In a Mar. 22nd post from Mist team member and UI designer Alexandre Van de Sande, the formerly popular Ethereum browser and wallet Mist—funded by the Ethereum Foundation and described as the “tool of choice to browse and use dApps”—is now discontinued.

“We faced some extreme security challenges that forced us to reevaluate our whole roadmap and question if keeping the project alive would be a good use of the Ethereum Foundation resources,” according to Sande.

In response to these security challenges, the Mist team has decided to dismantle the browser and take its valuable components and integrate them into other Ethereum projects.

Why Mist was Discontinued

For a time, Mist was one of the most cutting-edge browsers in the blockchain space, boasting the wallet that launched the first “token standard,” with Fabian Vogelsteller, author of the ERC20 paper, as a lead developer at Mist. The software also featured the first GUI wallet that enabled users to interact with ether and import presale keys—at a time when interacting with the Ethereum blockchain was still done via command line.

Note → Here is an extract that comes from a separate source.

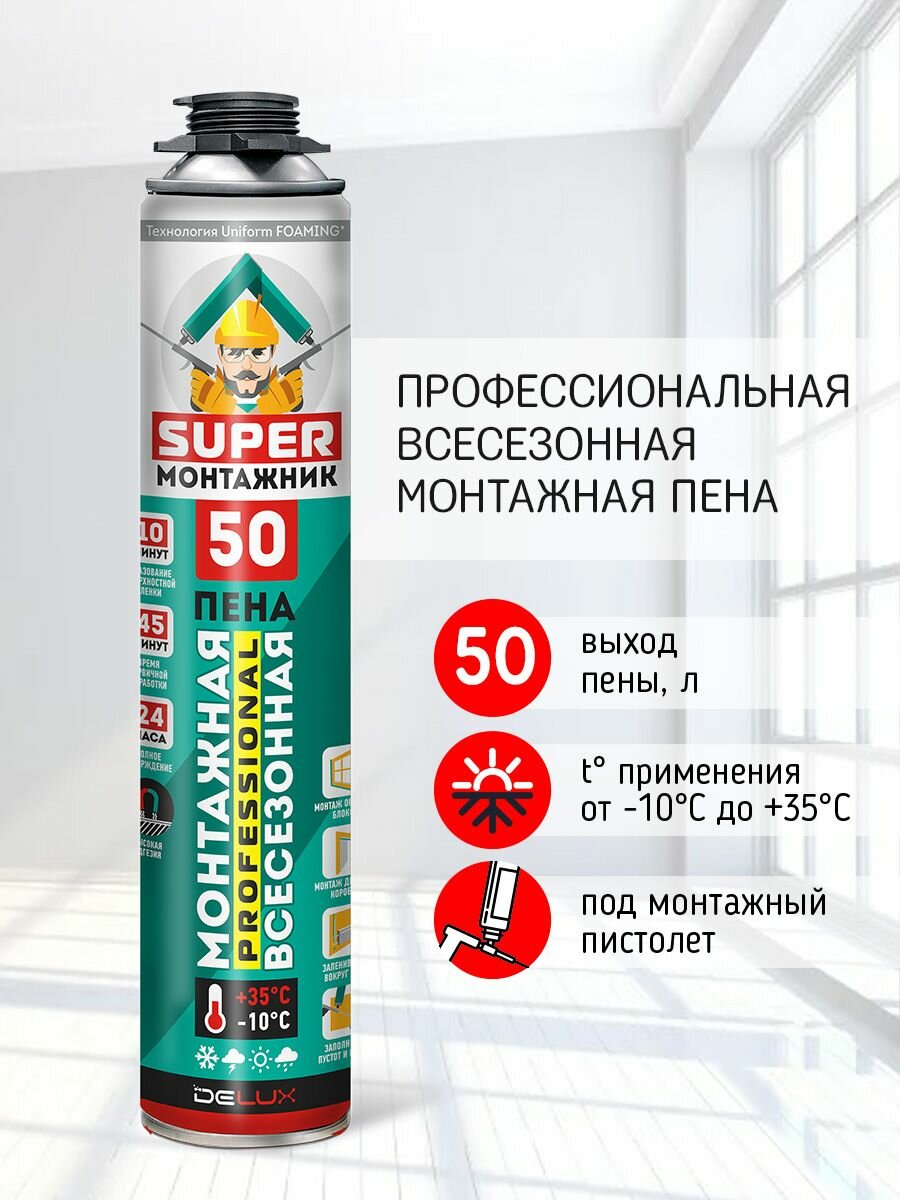 Пена монтажная SUPER монтажник 50 профессиональная всесезонная 1 шт.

Unfortunately, the browser was plagued by security problems which revolved around Ethereum node syncing (which went from taking minutes to hours because of transaction throughput constraints) and Electron, an open-source software framework maintained by GitHub.

Van de Sande stated.

“…in late last year we received notice of a few very serious bugs: ones that would allow an attacker to take control of your computer (and your crypto keys) by simply visiting an untrusted website [because of Electron]. This is very bad.”

Although the group has explored alternatives, the resources needed to maintain a safe browser were larger than what the Mist team could support. Consequently, the Mist browser will be discontinued and will no longer have active development support. One of the reasons, Sande cited, was the growth of other excellent web3-focused organizations:

“The message of how crypto can make a better web has reached so far that now great names like Samsung, Opera and Brave are all focused on integrating web3 features on their roadmap.”

Sande went on to iterate that those other browsers have more resources and are closer to delivering these features:

“Other browser developers have more resources and are closer to having web3 features natively, than we were of having a secure browser framework.”

Meanwhile, the Mist team will continue working together and will transition to helping improve the user experience and front-end of other teams in the Ethereum Foundation. From this point onwards, it seems that Brave and Opera will carry the web3 torch.